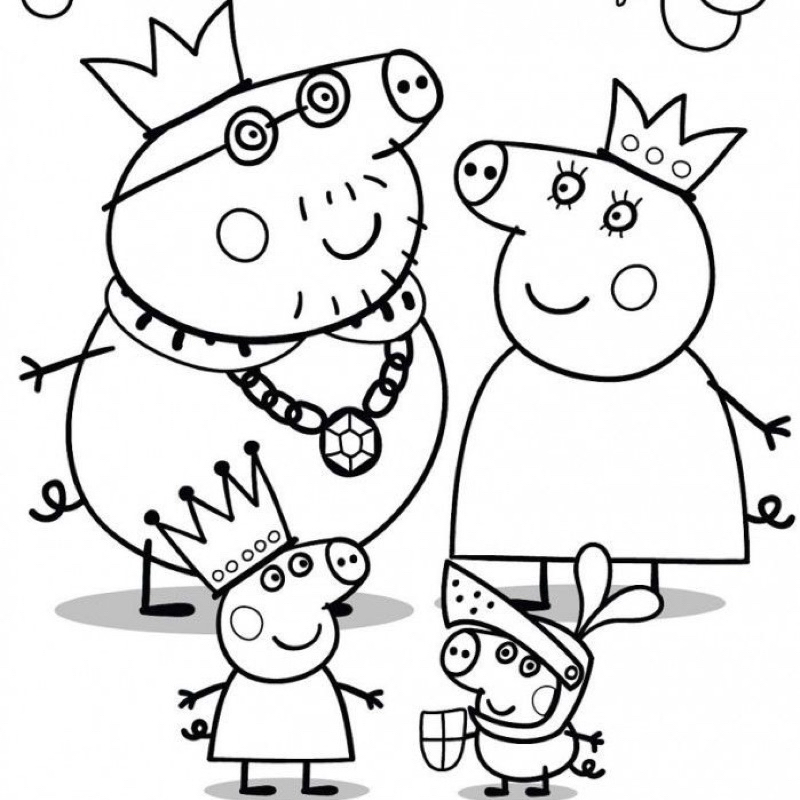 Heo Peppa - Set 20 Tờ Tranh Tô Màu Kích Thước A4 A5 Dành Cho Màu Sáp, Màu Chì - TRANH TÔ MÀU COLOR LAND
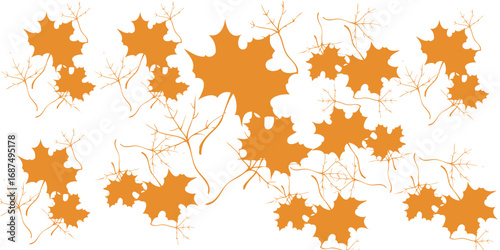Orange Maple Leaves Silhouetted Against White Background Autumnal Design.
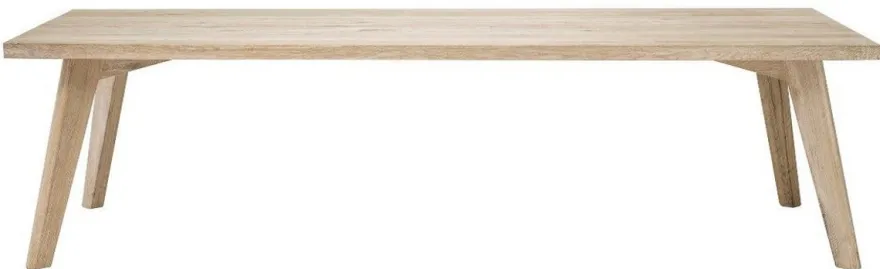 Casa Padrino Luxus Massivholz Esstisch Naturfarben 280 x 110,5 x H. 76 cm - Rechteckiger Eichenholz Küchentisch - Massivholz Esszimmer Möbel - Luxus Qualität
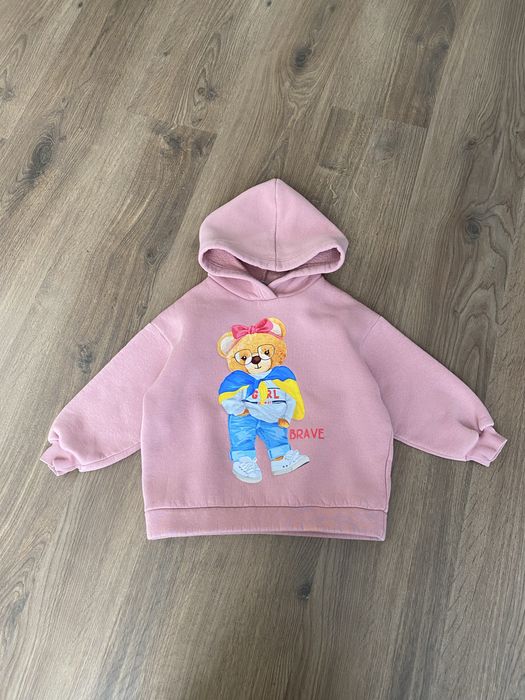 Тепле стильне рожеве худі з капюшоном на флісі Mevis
▬▬▬
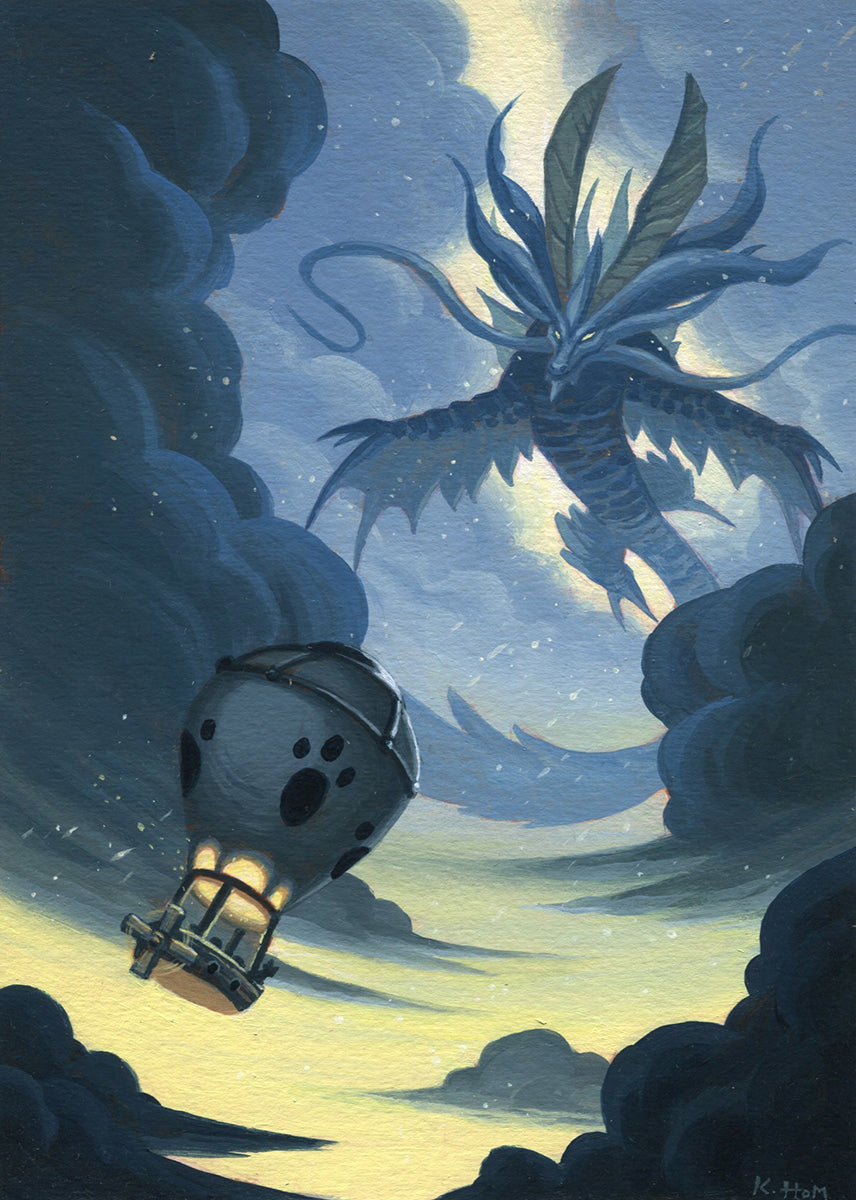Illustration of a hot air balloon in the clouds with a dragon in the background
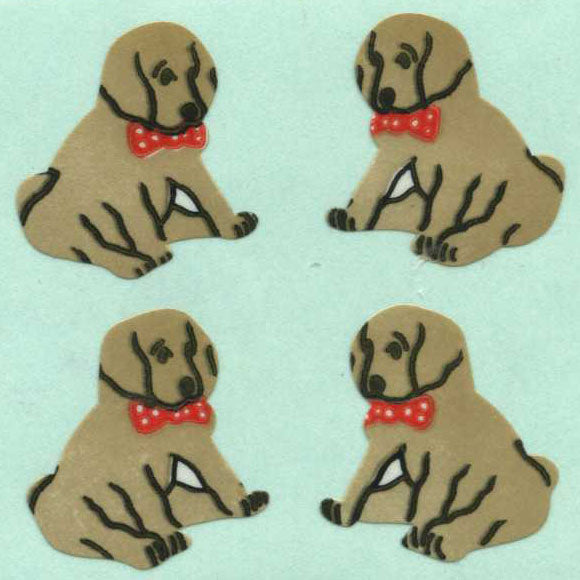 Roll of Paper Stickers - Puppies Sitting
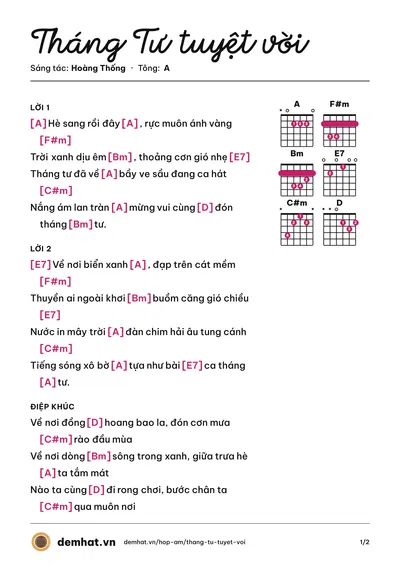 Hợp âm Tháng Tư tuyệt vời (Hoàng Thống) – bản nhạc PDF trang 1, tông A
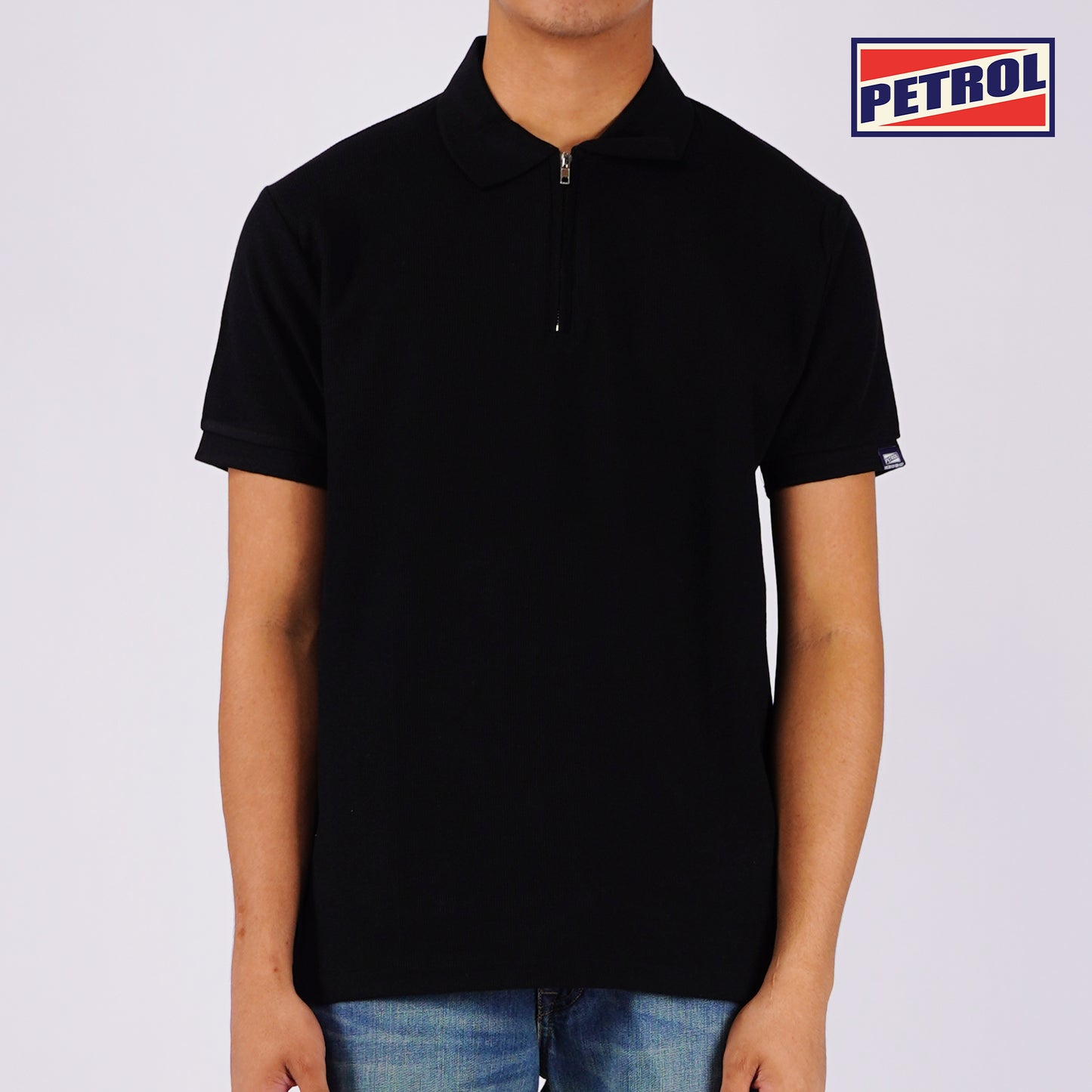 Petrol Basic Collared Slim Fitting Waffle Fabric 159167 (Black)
▬▬▬
* **Aim of the task**
Above are the records; copy from them only the lines starting at the one containing "Casa Padrino Luxus" and ending at the one containing "Тепле стильне рожеве", exactly and without pictures.

* **Answer to this problem**
 Casa Padrino Luxus Massivholz Esstisch Naturfarben 280 x 110,5 x H. 76 cm - Rechteckiger Eichenholz Küchentisch - Massivholz Esszimmer Möbel - Luxus Qualität
 Тепле стильне рожеве худі з капюшоном на флісі Mevis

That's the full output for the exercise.